In an interesting turn of events, a Swedish study recently published in the journal Stroke found that women who eat an antioxidant-rich diet may significantly cut their stroke risk.
Of course, this study is in direct conflict with previous research which failed to show beneficial effects of antioxidant supplements. But there’s a simple explanation for this discrepancy…
Most, if not all of the studies claiming that antioxidants are ineffective (or worse) only focus on one specific–and usually synthetic–form of a particular nutrient.
You can’t take a single antioxidant out of context and expect it to cure cancer–or anything else for that matter. Unfortunately, that’s the standard operating procedure for most of the research being done on these valuable nutrients.
The pharmaceutical companies and the government want to overturn DSHEA (the law that allows us to sell and market supplements and gives you the right to choose how you take care of your health) so badly that they’re constantly funding studies specifically to make sure they don’t succeed.
In other words, many of the studies on antioxidants are essentially designed to fail.
This study, on the other hand, actually used a full range of antioxidants.
And when you have a study like this one–involving over 35,000 women–showing positive results, it’s hard to argue that antioxidants play a powerful role in health.
However, these authors also went on to say that it’s important to consume fruits and vegetables to get these antioxidants.
Now, I’m certainly never going to tell you NOT to eat more vegetables, but the fact is, even if you’re eating a perfect diet, it’s just not possible to get all the nutrients you need from food alone these days. The soil our crops are grown in is simply too depleted of essential vitamins and minerals.

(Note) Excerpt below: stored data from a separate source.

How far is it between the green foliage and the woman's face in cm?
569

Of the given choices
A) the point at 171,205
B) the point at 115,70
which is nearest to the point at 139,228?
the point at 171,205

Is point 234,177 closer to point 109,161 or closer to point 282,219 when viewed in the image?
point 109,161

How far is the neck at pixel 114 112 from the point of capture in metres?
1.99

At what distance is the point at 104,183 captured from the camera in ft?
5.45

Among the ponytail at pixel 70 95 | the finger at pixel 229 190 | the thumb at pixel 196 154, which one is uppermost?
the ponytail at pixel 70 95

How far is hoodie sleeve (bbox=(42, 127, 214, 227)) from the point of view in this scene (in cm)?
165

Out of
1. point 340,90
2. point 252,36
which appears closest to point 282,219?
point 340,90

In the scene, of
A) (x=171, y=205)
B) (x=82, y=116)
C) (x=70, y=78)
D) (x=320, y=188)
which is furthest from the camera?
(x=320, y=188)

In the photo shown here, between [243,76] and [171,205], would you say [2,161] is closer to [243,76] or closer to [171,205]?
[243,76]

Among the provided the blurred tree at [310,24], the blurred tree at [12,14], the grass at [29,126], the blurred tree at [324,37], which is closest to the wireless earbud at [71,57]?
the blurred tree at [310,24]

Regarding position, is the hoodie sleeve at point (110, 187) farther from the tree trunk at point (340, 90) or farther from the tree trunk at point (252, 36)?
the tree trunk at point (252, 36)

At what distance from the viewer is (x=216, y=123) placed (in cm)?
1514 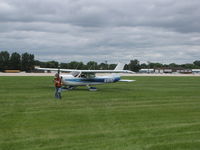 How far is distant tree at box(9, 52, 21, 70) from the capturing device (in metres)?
123

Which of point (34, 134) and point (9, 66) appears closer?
point (34, 134)

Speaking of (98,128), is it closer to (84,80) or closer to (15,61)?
(84,80)

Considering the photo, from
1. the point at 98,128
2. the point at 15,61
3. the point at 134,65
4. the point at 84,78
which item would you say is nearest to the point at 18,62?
the point at 15,61

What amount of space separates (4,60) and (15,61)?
4205 millimetres

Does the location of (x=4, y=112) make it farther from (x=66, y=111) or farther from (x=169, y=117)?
(x=169, y=117)

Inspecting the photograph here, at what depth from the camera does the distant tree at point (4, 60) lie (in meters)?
121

That’s why a quality multivitamin, with a full spectrum of vitamins, minerals, and other essential nutrients–including the all-important antioxidants–is crucial for health and longevity. (And that’s why I made sure my Smart Daily multivitamin formula contains just that. Click here to learn more about it.)
The take home message here is not to believe every sensational news story you may hear or read about the “dangers” of nutritional supplements. The data is almost always manipulated, and the results are almost always overblown to scare you back into the loving arms of the pharmaceutical companies.
Now if that isn’t a frightening thought, I don’t know what is.